Dana Claxton works in film, video, photography, single- and multi-channel video installation, and performance art. Her practice investigates beauty, the body, the socio-political, and the spiritual. Her work has been shown internationally at the Museum of Modern Art, Walker Art Centre, Sundance Film Festival, Eiteljorg Museum, and the Museum of Contemporary Art (Sydney) and held in public collections including the Vancouver Art Gallery, National Gallery of Canada, Art Bank of Canada, and the Winnipeg Art Gallery. She has received numerous awards including the VIVA Award and the Eiteljorg Fellowship.

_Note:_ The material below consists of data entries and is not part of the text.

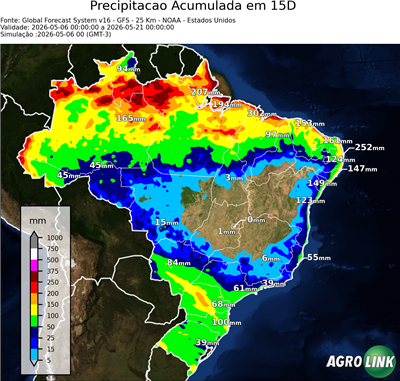 15 dias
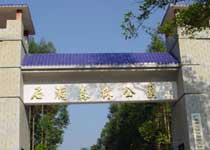 東莞虎門石洞森林公園天氣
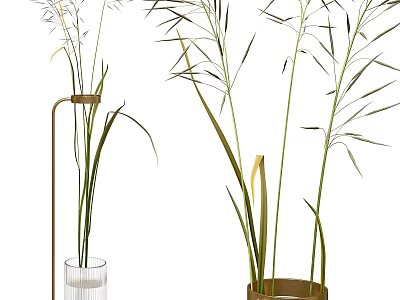 Tall Stem Plants in Transparent Glass Vase with Metal Stand and Brown Container 3d model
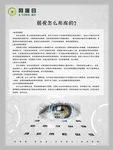 关于眼睛的5种海报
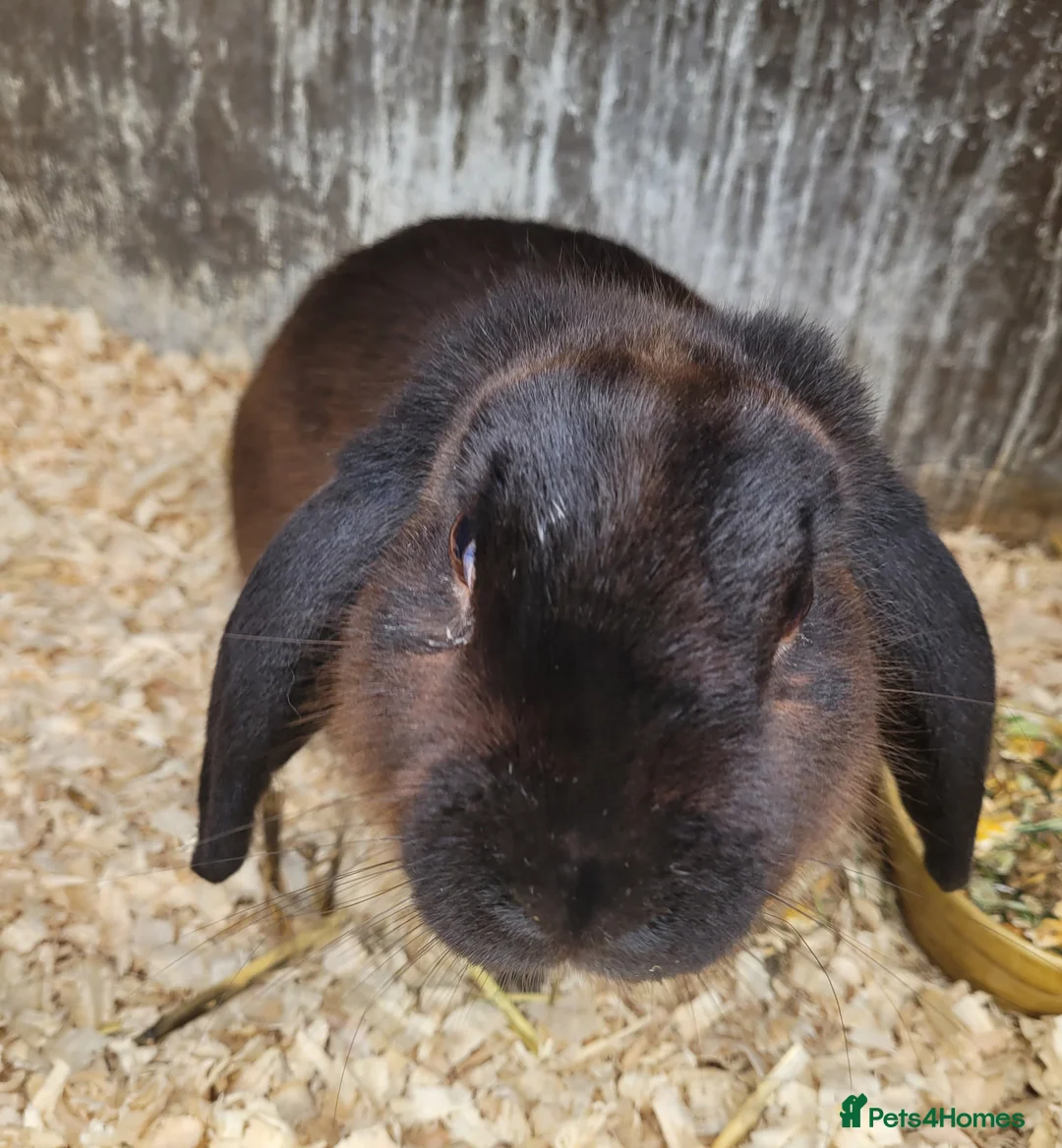 Mixed Breed rabbits for sale: 'Dare' Belgian Hare x lop - Advert 2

Her work was selected for a Vancouver Art Gallery career survery (2018), the 17th Biennale of Sydney (2010), Biennale de Montréal (2007), Biennale d’art contemporain du Havre, France (2006), Micro Wave, Hong Kong (2005) Art Star Biennale, Ottawa (2005), and Wro 03 Media Arts Biennale Wroclaw Poland (2003). She has created commissioned works for the University of Lethbridge Gallery, Alternator Gallery, Winnipeg Art Gallery, Urban Shaman, Moose Jaw Museum and Art Gallery, and Tribe. She has presented talks at the Getty Institute and the Art College Association and the Opening Week Forum of the Biennale of Sydney.
Claxton was born in Yorkton, Saskatchewan, and her family reserve is Lakota First Nations – Wood Mountain, located in beautiful southwest Saskatchewan. Her paternal Euro-Canadian grandmother taught her how to harvest and preserve food and her maternal Lakota grandmother taught her to seek justice. Dana is the youngest of four siblings, an auntie, niece, cousin, and daughter.
Dana Claxton reflects on historical archives and highlights the human propensity to render itself, from Indigenous rock art, to photography, to governmental correspondence. She addresses the complexities of colonialism–past and present–through strategic subversion, and investigates the buried histories of the Wild West, with specific attention to Sitting Bull who shares her Hunkpapa Lakota Sioux ancestry. The Art Gallery of Greater Victoria presents nine works from Claxton’s most recent series, “Indian Candy.” The works articulate her attempts “to bring forth a reversal of a whitewash of history by using vibrant colours to beautify the history and make historical discourses and research documents into critical contemporary art that has been influenced by pop art, political art, and shared and contested histories.”